You’re paying four mana and an artifact for a 5/5 stack of abilities. Is that even better than Urza, Lord High Artificer or any other four-drop you can cast in these themes? I doubt it.
Maybe you see one Anchor to Reality in the Azorius Urza (Yorion) decks that already had Stoneforge Mystic and just wanted another low-effort whammy in their 80 cards. But you will probably have to wait until they print some silly Vehicle in Modern Horizons 7 to make Anchor to Reality a dedicated plan for a deck.
5. Voldaren Epicure, Goblin Engineer, and Smuggler’s Copter
Maybe I’m burying the lede here, but for this first package, I think it’s more important to highlight the enablers than the engine itself.
The big finish I’m alluding to is Greasefang, Okiba Boss recurring and crewing Parhelion II for thirteen power of flying attackers. It isn’t a full kill, but it’s pretty darn close. Greasefang is even a modest beater itself when the combo isn’t assembled, so your bad card density is minimized and you can largely build a functional deck that has this powerful combo to steal wins.
You just need to get Parhelion II into the graveyard and have it do something when you don’t draw Greasefang. Any good Looting effect covers both of those parts, and Goblin Engineer is the flexibly functional Entomb you want (and need, since Unmarked Grave can’t find legendary permanents).

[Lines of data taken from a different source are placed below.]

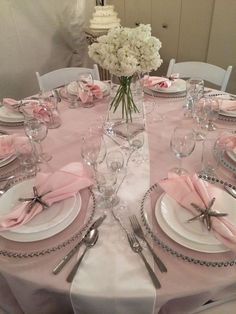 the table is set with silverware and pink napkins, white flowers in vase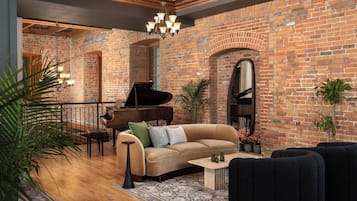 Un salón espacioso con pared de ladrillo, un piano de cola, un sofá y una mesa de centro.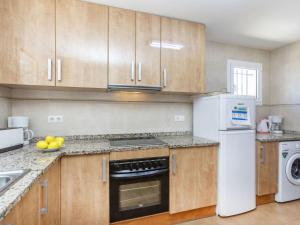 a kitchen with wooden cabinets and a white refrigerator at Holiday Home Bretos by Interhome in Fonts +16 photos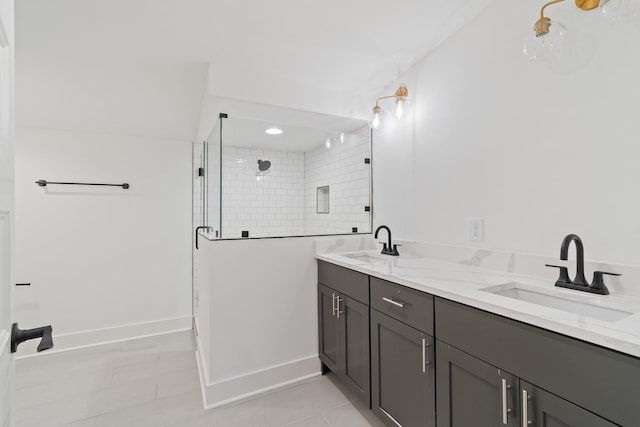 bathroom with walk in shower, vanity, and tile patterned floors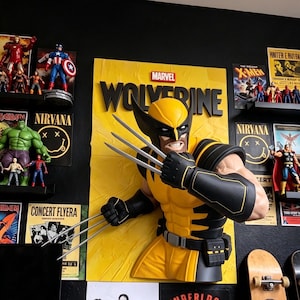 May include: A wall-mounted Marvel Wolverine bust featuring the character in a yellow and black suit with extended silver claws. The figure is set against a yellow rectangular background with the word MARVEL and WOLVERINE in black lettering.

Where Voldaren Epicure comes in is tying the room together between multiple powerful plans. My experiments with Rakdos Vampries late last year really showed me how the issue with the Urza’s Saga plus Asmor decks early in the Modern Horizons 2 format was leaning too hard on those cards as primary plans. When you just did other stuff but had those to hammer home good exchanges and wins, everything just felt smoother. The recent success of Crack the Earth is another application of this principle, minus the Asmor.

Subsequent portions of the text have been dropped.